Green’s Dictionary of Slang

foul ball n.

[baseball jargon foul ball, a ball struck so that it falls outside the lines drawn from the home base through the first and third bases]
(US)

1. an unpleasant, poss. criminal character.

A. Baer Flapping Over New Leaves 4 Jan. [synd. col.] Look at the kaiser. He knows that he is a foul ball.
[US]T.A. Dorgan in Zwilling TAD Lex. (1993) 37: He eats bananas skins and all. Oh, he’s just a foul ball.
[US]F. Wead Ceiling Zero Act II: When you came along I was a foul ball.
[US]S.F. Chronicle 1 June H5/7: When it comes down to brass tacks the most polished orator will lapse into [...] ‘stymied,’ ‘foul ball’ and other expressions borrowed from sports.
[US]J.T. Farrell ‘Milly and the Porker’ in Amer.
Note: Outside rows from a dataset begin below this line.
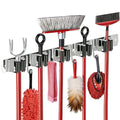 5 Racks and 4 Hooks Mop and Broom Holder Wall Mount, SUS304 Heavy Duty Broom Organizer Storage Tool Racks, Self Adhesive Solid Non-slip Tool Hangers for Home Kitchen Garden Laundry Garage - color: 5 Racks & 4 Hooks (Silver) - 1 Pack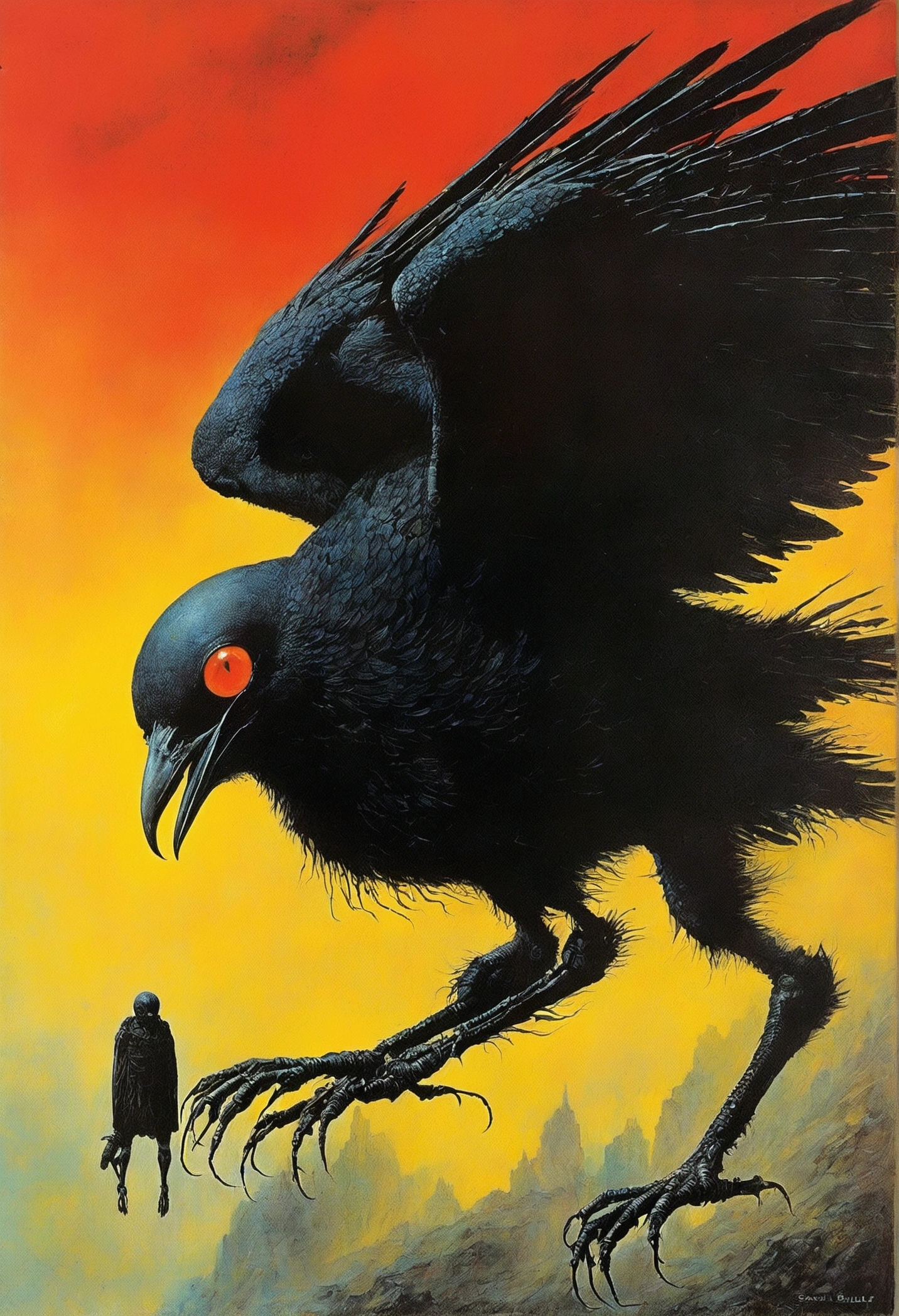 Saturn Crows Flight,Old Sci-Fi Posters, author:Zsław Beksinski and Jean.Gillot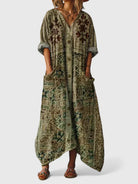 Oversized relaxed fit pocket dress in green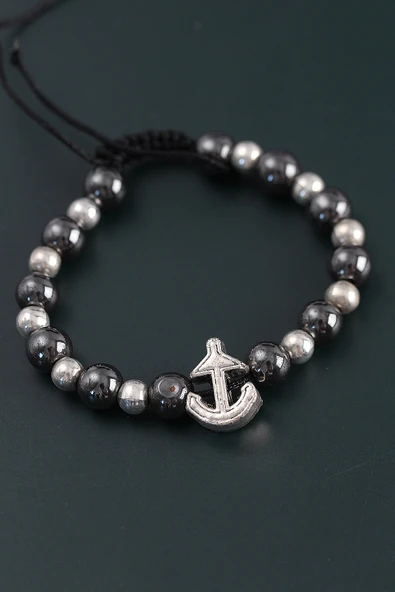 Doğal Taş Çapa Model Gümüş Ve Füme Renk Asansörlü Erkek Bileklik - TJ-EB3762 - 2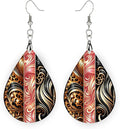 Teardrop Wood Earrings Light Weight Printed Image Dangle Jewelry, Fun and Funky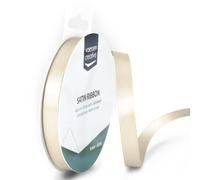 Vaessen Creative Ruban Satin - Beige - 100 m x 9 mm - Bolduc - Ivoire - Biais de Couture - pour Cadeau, Emballage, Bouquet Mariage, Cheveux et Ballon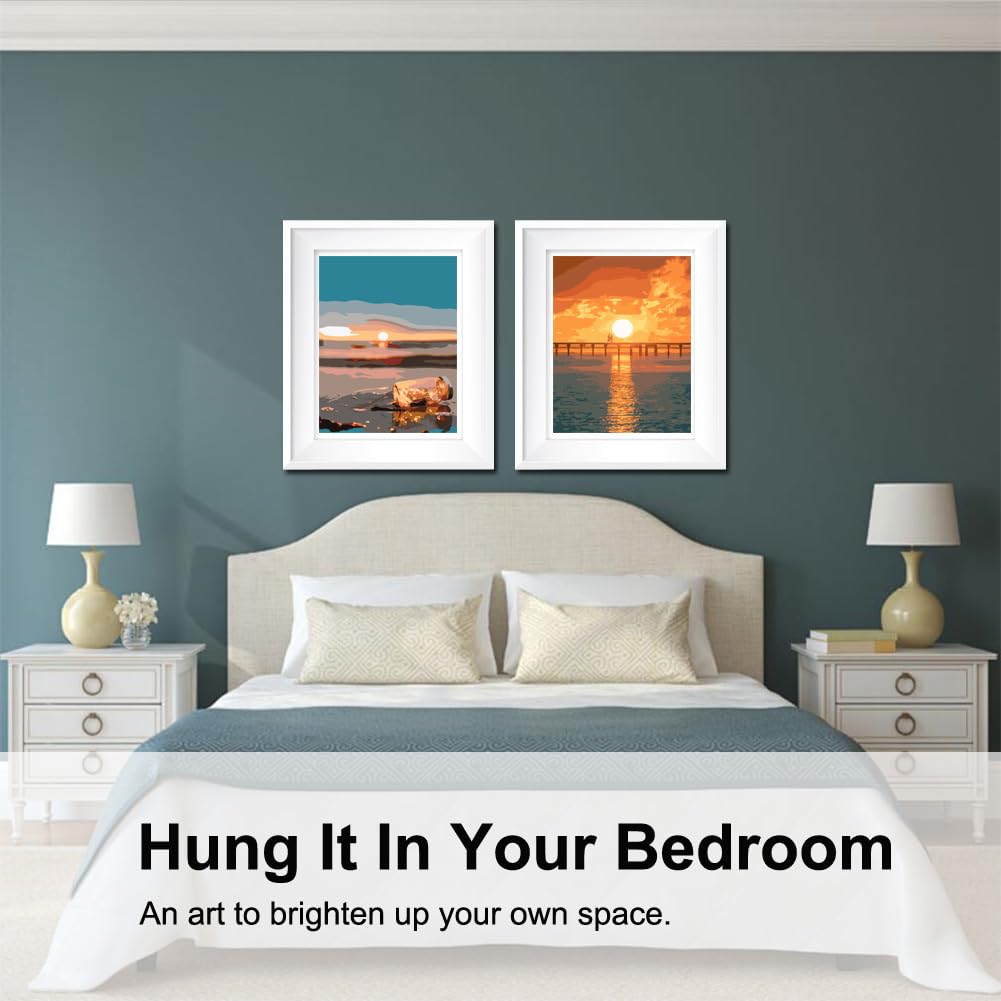 BAISITE Paint by Numbers Kit for Adults Beginners,12" Wx16 L 2 Pack Canvas for Painting Kits for Adults in Colorful Box-PBN201-202 BAISITE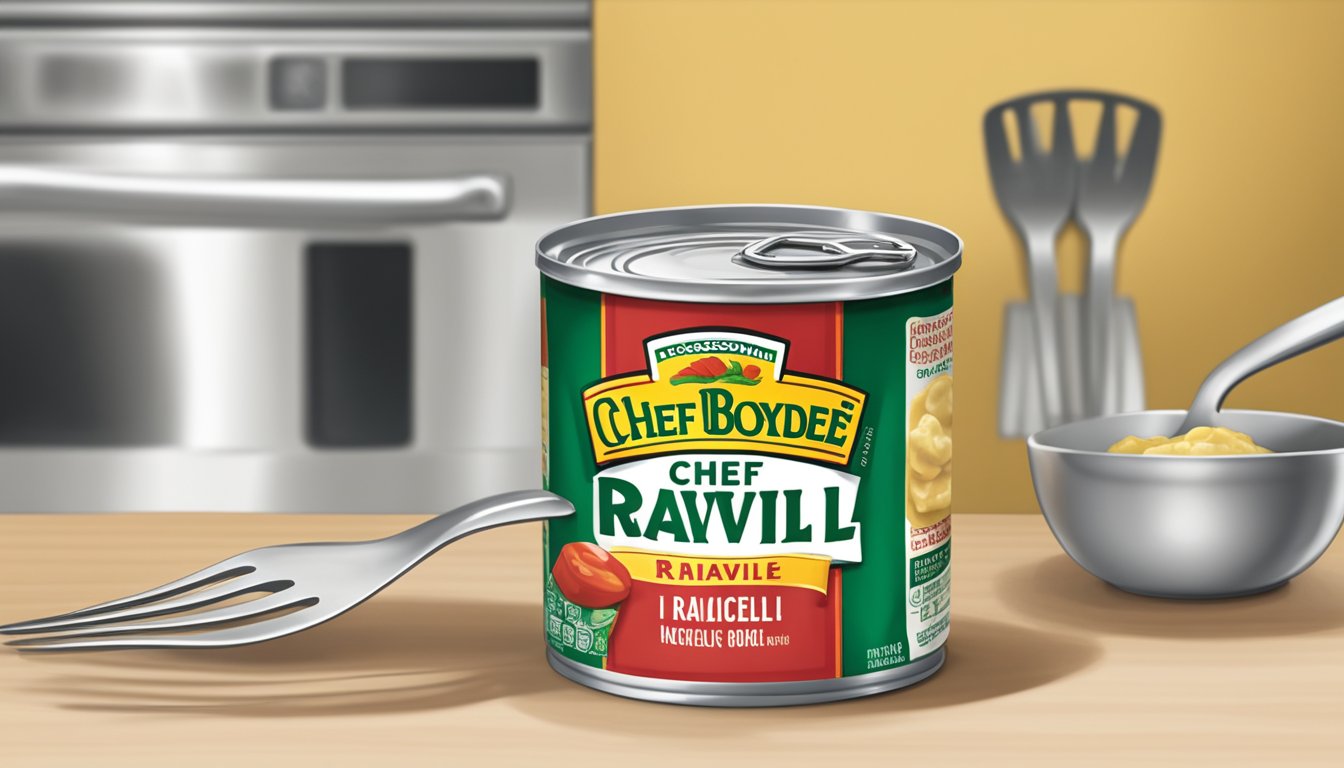 A can of Chef Boyardee ravioli sits on a kitchen counter, with a fork resting on the side. The ravioli inside appears slightly undercooked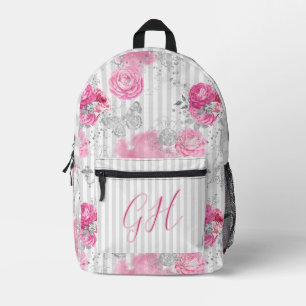 Beautiful Steampunk Elegance Pink Roses on Silver Printed Backpack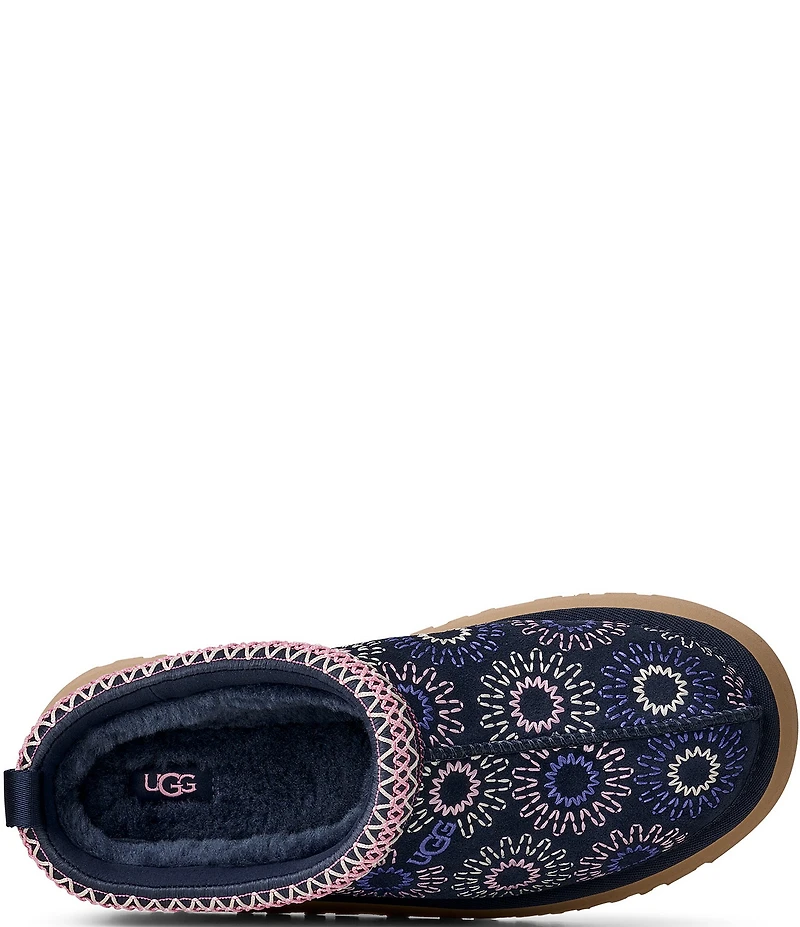 UGG® Tazz Sun Stitch Suede Logo Detail Platform Clog Slippers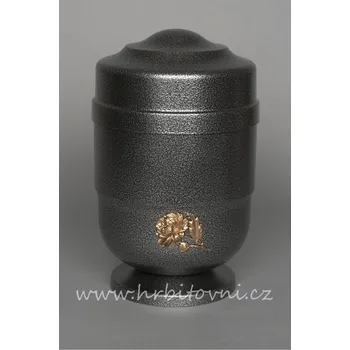 Smuteční dekorace Urna hliníková starostříbrná s mosaznou růží (Pohřební urna)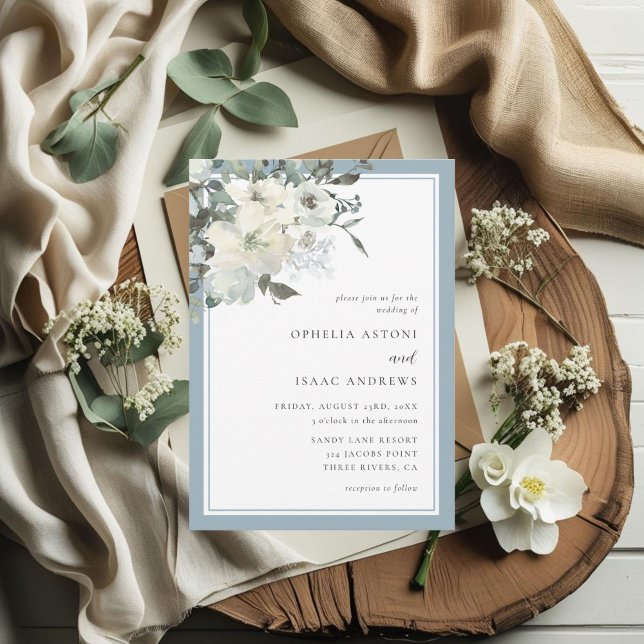 Convite Classic Elegant Dusty Blue Ivory Floral Wedding (Criador carregado)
Dream Girl (1950) 197: He may be nothin’ but a measly foul ball, but he’s got your number.
[US]G. Swarthout Where the Boys Are 3: He needs some flesh for Friday night, no foul balls, nothing too brainy, all queens and amenable.
[US]T. Berger Reinhart in Love (1963) 98: The present client is the black sheep, the foul ball, of the moneybags clan.
[US]C. Keane Hunter 140: The Branch brothers were total foul-balls.
T. Considine Lang. of Sport n.p.: Finally asked the uninvited guest, a real foul ball, to leave [R].

2. a distasteful statement.

W. Adler Immaculate Deception 96: That’s a foul ball, FitzGerald, a real foul ball.